Sobrevivência de Costa
Da parte do PS há a consciência de que o papel deste partido é fulcral para a estabilidade do governo na legislatura que agora começa. Mas há também, entre os dirigentes socialistas ouvidos pelo PÚBLICO, a noção de que a sobrevivência política de António Costa à frente do PS e a recuperação política do partido, depois da derrota eleitoral de domingo, dependem da habilidade negocial que seja demonstrada pelo secretário-geral socialista.

E há dirigentes do PS que asseguraram ao PÚBLICO que, se António Costa tiver êxito na tarefa que tem pela frente, dificilmente será desafiado por qualquer candidato consistente a secretário-geral que se apresente antes do congresso, cujo processo se inicia em Fevereiro. Há mesmo um responsável socialista que admite que Costa terá de ir de novo a eleições como líder do PS, se, claro, não optar por se demitir antes.

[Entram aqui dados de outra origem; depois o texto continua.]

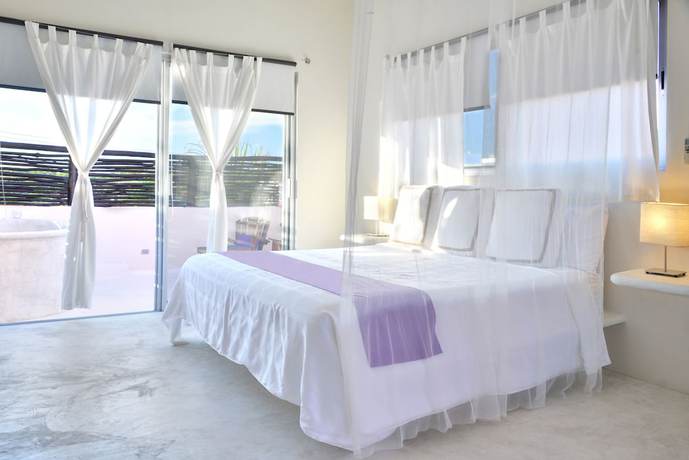 Imagen de la habitación del Hotel Villas Geminis Boutique Condo. Foto 3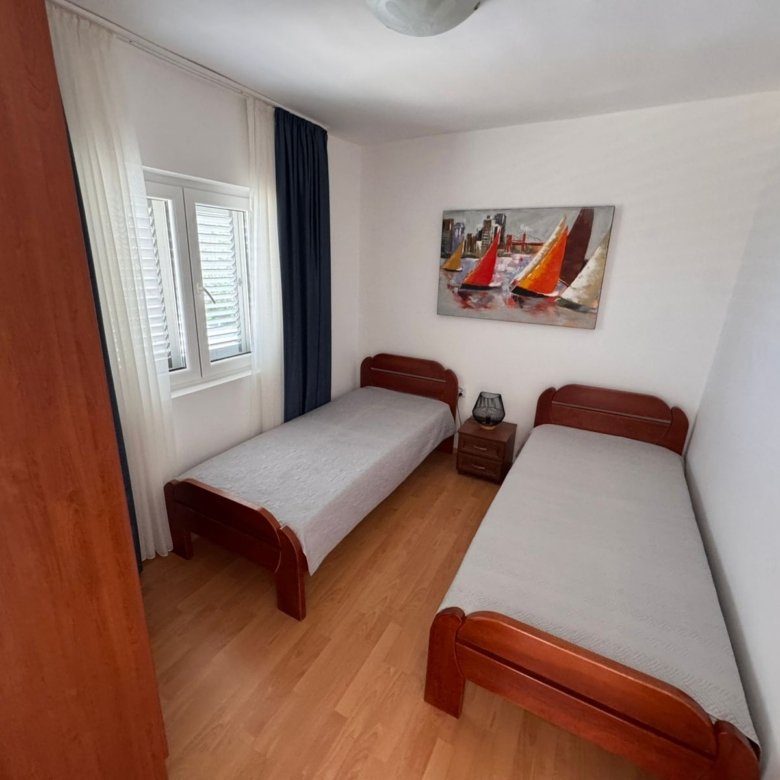 Charming Ulcinj bedroom: two single beds, modern decor, ideal investment. Listed on immorenta.me by ekosphere doo.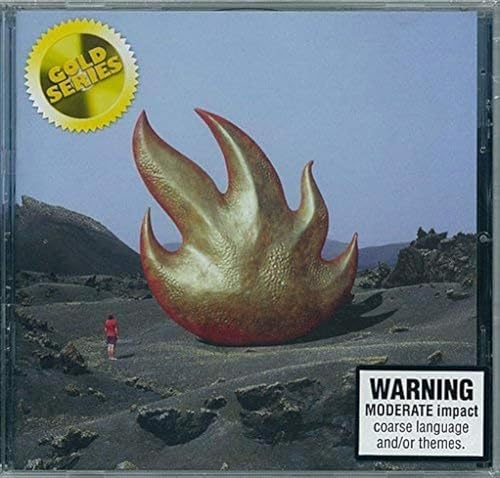 Audioslave CD cover: gold flame sculpture against a mountainous landscape.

A percepção entre responsáveis socialistas é a de que o PS é o partido que faz a fronteira entre a esquerda e a direita, é de novo o “partido charneira” definido por Mário Soares. Assim, terá de conseguir assumir-se como partido responsável, que é fundador da adesão de Portugal à União Europeia e à zona euro. Nessa condição, terá de negociar com a coligação nas questões que considera essenciais para viabilizar a governação, dentro das condições ditadas por António Costa na noite eleitoral.

Alguns dirigentes do PS afirmaram ao PÚBLCO que a questão da estabilidade política no país não se resume à estabilidade governativa e à garantia de um acordo em que os socialistas viabilizem a governação do PSD-CDS. A direcção socialista considera que há uma elevada percentagem de votantes, cerca de 20%, que votam à sua esquerda.

Ora esse voto, que classificam como de protesto, não pode ser ignorado e compete ao PS mostrar ao país as reais intenções e os limites do que é a disponibilidade de comunistas e bloquistas para de facto viabilizarem um governo de esquerda, como foi expresso por Catarina Martins e por Jerónimo de Sousa.

Um dirigente socialista afirmou ao PÚBLICO que há “um cinismo da extrema-esquerda que é preciso desmontar” e que “António Costa tem a função histórica de o expor” – assim, “medir os limites” do PCP e do BE em relação à possibilidade de aceitarem um programa de governo que não defenda a renegociação da dívida nem a saída do euro.

O facto de não estar nas expectativas da direcção do PS que seja possível ou desejável a formação de um governo à esquerda com o BE e o PCP não impede que António Costa faça a clarificação necessária, antes o exige. Mas, de acordo com as informações recolhidas pelo PÚBLICO, isso não leva a que o PS, na legislatura que agora se inicia, fique preso à coligação. Pelo contrário – o PS poderá vir a apresentar na Assembleia diplomas sobre as alterações à lei do aborto, adopção por casais gay e aumento do salário mínimo.